Without the pictures, copy all of the data exactly.

*Input data*:
• • • •

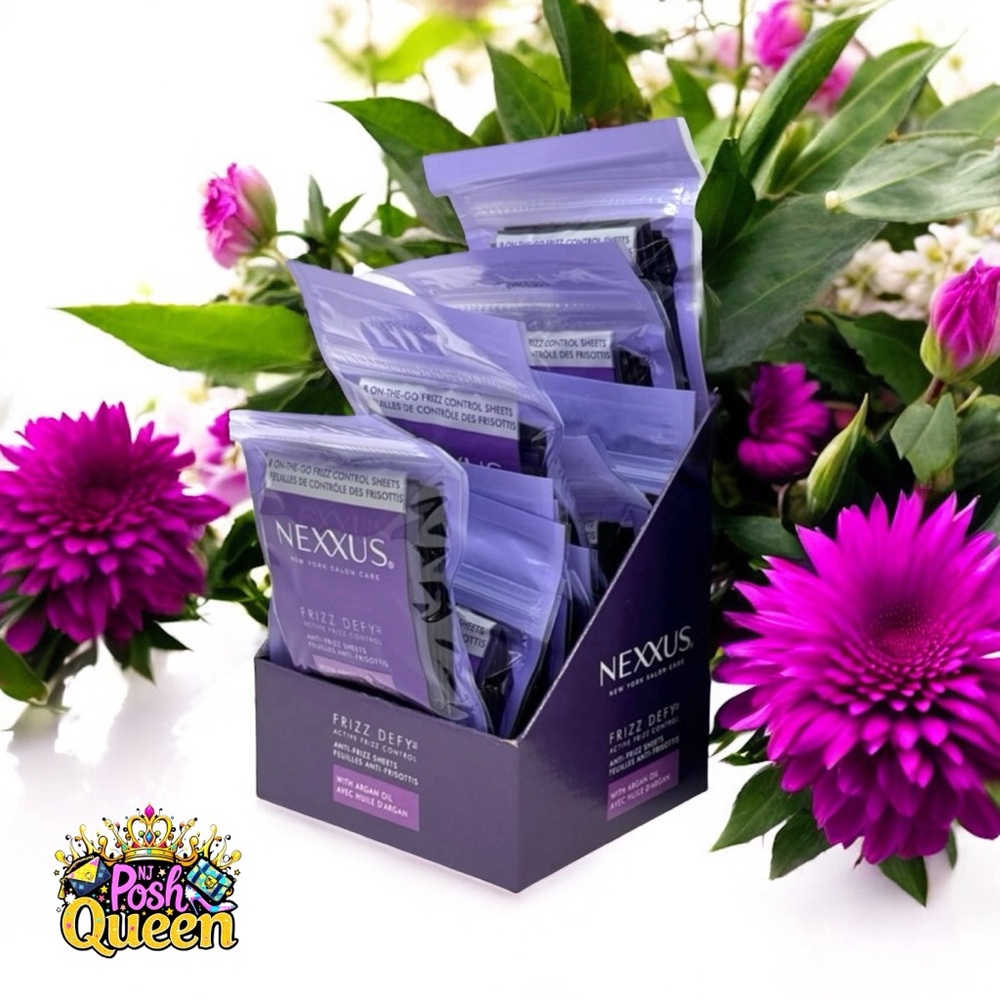 NEXXUS Frizz Defy Anti-Frizz Sheets With Argan Oil 8 Sheets Per Pack - Picture 2 of 2
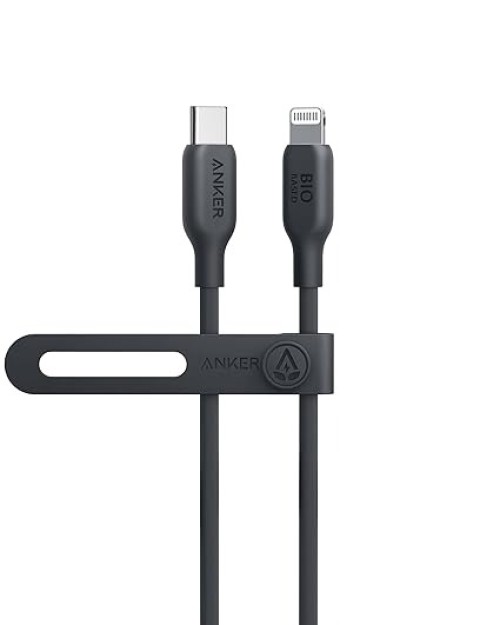 Anker 541 USB-C To Lightning Cable (Bio-Based 3ft, Black/Blue)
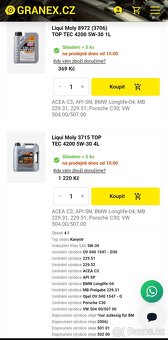 LIQUI MOLY originální oleje TopTec 5w30 C3 - 8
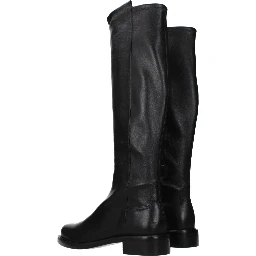 Black Leather Over The Knee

• • • •

*Response below*:
 NEXXUS Frizz Defy Anti-Frizz Sheets With Argan Oil 8 Sheets Per Pack - Picture 2 of 2
 Anker 541 USB-C To Lightning Cable (Bio-Based 3ft, Black/Blue)
 LIQUI MOLY originální oleje TopTec 5w30 C3 - 8
 Black Leather Over The Knee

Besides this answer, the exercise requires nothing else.